Omdat verzoeker op zijn bagage als eindbestemming Amsterdam had ingevuld, moest hij om zijn bagage op te halen voor zijn verdere reis naar Ierland, de Nederlandse grens passeren. De Koninklijke Marechaussee weigerde verzoeker de verdere toegang tot Nederland, omdat hij geen duidelijk reisdoel had in Nederland.
2. Verzoeker diende daarop op 2 februari 2001 de volgende klacht in bij de staatssecretaris van Justitie:
“This is a complaint against two immigration officials at the Schiphol Airport in Amsterdam, who with help from KLM and Aer Lingus, ruined my Christmas. The immigration officials refused a reasonable and valid request of mine to collect my luggage at Schiphol whilst on route to Ireland. I am also copying this letter to KLM and Aer Lingus, who compounded the problem by blaming each other for the three weeks it took for my luggage to be located. I am also copying this to Northwest Airlines, since the ticket to Amsterdam was booked with them, in a code-shared flight with KLM.
(…)
On December 24th, I landed at the Schiphol Airport in Amsterdam from San Francisco, on my way to Cork, Ireland, to spend the Christmas vacation with my fiancée S. As we intended spending several days in Paris over the vacation, I also had a valid Schengen visa for that trip, issued by the Consulate General of France in San Francisco, and the visa was valid from December 24, 2000 to January 15, 2001. I have attached a copy of this visa for your reference (zie hierna onder A.3.; N.o.).
Her are my original flight details.
(1) Leaving SFO for AMS in KLM 606 on Dec 23, 2000 at 4:10 PM, and arriving at AMS Schiphol Airport on December 24, 2000 at 11:30 AM.
(2) Leaving AMS for DUB in El 609 on December 24, 2000 at 7:15 PM, then connecting to ORK at DUB in EI 657 at 22:05 PM.

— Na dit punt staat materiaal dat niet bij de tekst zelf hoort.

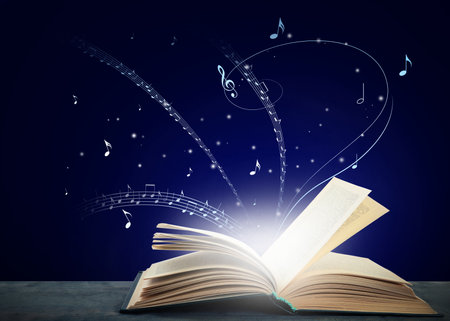 Music flow from book. Musical symbols flying over tome on wooden table against dark blue backgroundの写真素材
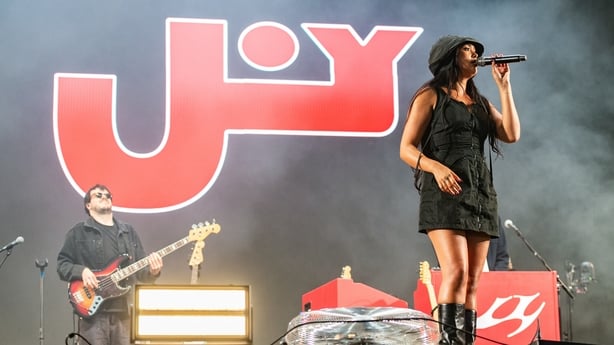 Joy Crookes performing onstage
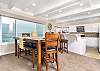dining table and kitchen with ocean view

Since I had a layover of more than 7 hours at Amsterdam at Dec 24, I hoped to try and catch an early flight to Dublin, and then another early flight to Cork. Based on this plan, I checked my luggage into Schiphol airport instead of all the way to Cork airport, a decision I regret till today.

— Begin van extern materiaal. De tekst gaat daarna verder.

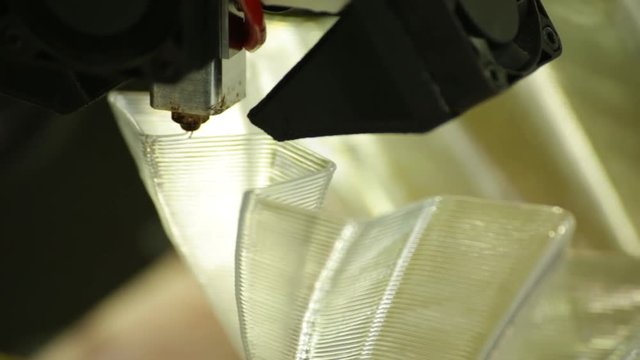Closeup: A 3d Printer Nozzle lays down the next layer of its construction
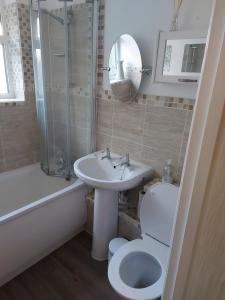 een badkamer met een wastafel, een toilet en een douche bij The family room at the bungalow in Willesborough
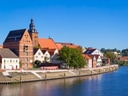 Historische Gebäude am Flussufer mit blauem Himmel.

On my way to collect my luggage, I had to pass through immigration. The officer asked me for the purpose of my trip and explained him the details as outlined in the proceding paragraph.
I am not sure why the immigration officer had difficulty understanding the Schengen visa, but he did request assistance from another officer. The second officer also looked at the visa. He agreed the visa was a valid Schengen visa, but told me that he could not let me in since my potential stay at Amsterdam was not for any length of time and that the visa's primary purpose was my planned visit to Paris. This is the first I ever heard of the Schengen treaty being interpreted this way. He also made the remark that as I was an Indian citizen, he could not allow me transit access either. He refused to let me collect my baggage and directed me to contact the airline to transfer my baggage to Cork.
By this time, a queue of about 30 impatient (which is understandable) people had formed behind me, and I was being humiliated in front of all those people by this whole interrogation. Despite the fact that I had a valid visa, the officers would not budge. They seemed to have had supreme confidence in KLM's ability to handle the baggage situation.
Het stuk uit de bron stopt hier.